Montreal does not currently have official bilingual status.
In a May 13 statement, Montreal Mayor Valérie Plante said, "As the only French-speaking metropolis in North America, Montréal will be an ally of Bill 101 and its reform."
It would mean additions to ministries, commissioners and OQLF powers
The government proposed creating "Francisation Québec" within the Ministère de l’Immigration, de la Francisation et de l’Intégration, which would serve as a point of access for people who want to learn French.
It would also open a position for a French-language commissioner who would monitor the progression of the language situation in Quebec.
There would be an early French requirement for new immigrants
The government proposed that all government communication with new immigrants to Quebec will be in French after six months of their arrival.
However, the bill states that "An agency that provides services in a language other than French to immigrants shall, where the volume of the demand for such services by those persons warrants it, give preference to using their mother tongue."
Judges and Members of the National Assembly would not need to be bilingual
The government's bill proposes that provincially-appointed judges need not be bilingual to be appointed, "unless the Minister of Justice and the Minister of the French Language consider that the exercise of that office requires such knowledge and that all reasonable means have been taken to avoid imposing such a requirement."
The bill also says those appointed to the National Assembly do not need to know a language other than French.
Smaller companies — with 25 or more employees — would form "francization committees"
The current Charter of the French Language requires companies with 100 or more employees to form francization committees.
These committees evaluate the state of the French language at the company and report to the management of the company as well as the OQLF.
The new bill would apply this to companies with 25-99 employees as well.
Businesses with non-French trademarks would have "predominantly French" signage
The government wants businesses with registered non-French trademarks to make their signs "predominantly French."
In a press conference last week, Premier François Legault explained that a company like Canadian Tire would have to make the explanation of its business activities, such as "centre de rénovation," larger than its trademarked name on all signage.
It would cap spots at English-language CEGEPs
The Quebec government wants to place a cap on the number of students who can enroll in English CEGEPs, as well as the number of students receiving English-language education in French schools.

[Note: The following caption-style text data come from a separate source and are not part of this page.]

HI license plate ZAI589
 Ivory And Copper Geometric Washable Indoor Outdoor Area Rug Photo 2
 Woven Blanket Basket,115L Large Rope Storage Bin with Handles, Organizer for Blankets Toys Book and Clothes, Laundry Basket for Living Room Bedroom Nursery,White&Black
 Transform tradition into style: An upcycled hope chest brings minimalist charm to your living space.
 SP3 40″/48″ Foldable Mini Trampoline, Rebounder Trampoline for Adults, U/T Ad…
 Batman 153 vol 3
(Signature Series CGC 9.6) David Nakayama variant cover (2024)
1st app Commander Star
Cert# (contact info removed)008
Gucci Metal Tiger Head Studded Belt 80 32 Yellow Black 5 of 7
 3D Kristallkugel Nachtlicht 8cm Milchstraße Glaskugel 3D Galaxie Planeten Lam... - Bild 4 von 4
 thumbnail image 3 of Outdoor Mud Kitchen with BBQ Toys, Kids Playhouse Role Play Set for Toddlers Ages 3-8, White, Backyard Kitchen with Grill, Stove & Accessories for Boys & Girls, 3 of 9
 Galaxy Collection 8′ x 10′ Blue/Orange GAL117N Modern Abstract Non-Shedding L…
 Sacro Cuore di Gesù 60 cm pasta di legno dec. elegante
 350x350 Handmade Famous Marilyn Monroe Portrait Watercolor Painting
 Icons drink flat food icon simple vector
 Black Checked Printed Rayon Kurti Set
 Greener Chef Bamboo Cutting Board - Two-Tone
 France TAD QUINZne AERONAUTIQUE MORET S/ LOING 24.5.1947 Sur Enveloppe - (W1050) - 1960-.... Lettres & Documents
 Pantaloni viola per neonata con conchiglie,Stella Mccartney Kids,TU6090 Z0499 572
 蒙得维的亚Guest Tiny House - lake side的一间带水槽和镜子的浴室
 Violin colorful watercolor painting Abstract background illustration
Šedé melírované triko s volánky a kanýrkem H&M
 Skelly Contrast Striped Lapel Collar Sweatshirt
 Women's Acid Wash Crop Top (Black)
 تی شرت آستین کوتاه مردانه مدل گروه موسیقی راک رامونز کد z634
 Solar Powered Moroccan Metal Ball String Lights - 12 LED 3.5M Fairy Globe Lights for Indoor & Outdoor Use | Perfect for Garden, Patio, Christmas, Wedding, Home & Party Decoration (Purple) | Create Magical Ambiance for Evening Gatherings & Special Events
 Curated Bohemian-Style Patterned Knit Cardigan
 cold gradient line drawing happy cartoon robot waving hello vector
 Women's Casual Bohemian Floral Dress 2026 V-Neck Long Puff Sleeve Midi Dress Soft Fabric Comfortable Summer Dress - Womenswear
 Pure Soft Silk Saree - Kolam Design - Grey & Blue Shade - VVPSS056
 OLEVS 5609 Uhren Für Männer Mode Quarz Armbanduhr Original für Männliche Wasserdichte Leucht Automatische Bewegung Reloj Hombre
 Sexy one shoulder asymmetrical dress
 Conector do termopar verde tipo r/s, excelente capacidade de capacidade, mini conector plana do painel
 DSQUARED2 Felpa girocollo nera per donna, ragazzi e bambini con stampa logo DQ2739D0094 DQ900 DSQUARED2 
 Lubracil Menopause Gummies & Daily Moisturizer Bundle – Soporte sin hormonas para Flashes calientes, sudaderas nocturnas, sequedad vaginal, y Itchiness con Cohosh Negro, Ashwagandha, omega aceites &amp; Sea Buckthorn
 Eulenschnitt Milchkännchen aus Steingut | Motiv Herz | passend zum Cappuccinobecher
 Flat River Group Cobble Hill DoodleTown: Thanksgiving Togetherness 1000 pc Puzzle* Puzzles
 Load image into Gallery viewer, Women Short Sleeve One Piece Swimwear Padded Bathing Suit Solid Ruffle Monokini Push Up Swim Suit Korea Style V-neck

As well, the Quebec government will not grant a Diploma of College Studies (DEC) to students living in Quebec who do not have spoken and written knowledge of French as laid out by the minister of higher education.
To evaluate students' knowledge of French, the government is creating a uniform exam for all CEGEP students in Quebec, regardless of their language of instruction.
However, students who have received CEGEP education in English and been declared eligible to receive instruction in English, according to Quebec law, are not required to take that exam to get a DEC.
However, Jolin-Barrette said he doesn't think it would be customers who'd sue companies individually.
He said the OQLF will "accompany" businesses that are the subject of complaints to "bring about a change" and ensure that, going forward, customers are served in French.
A lawyer weighs in
Virginie Bourgeois-Plante of Devichy Lawyers told MTL Blog that it's not yet clear how the law, if passed, could be applied in this context.
"What we have right now is that the OQLF [goes through] the penal court. What that law [does] is it opens the door to civil suits [...] but in the end, the courts might see it differently," she said.
"Often, you put an amount of money on that," Bourgeois-Plante said, but she noted it could be difficult to determine how much customers should be compensated through civil lawsuits in those situations.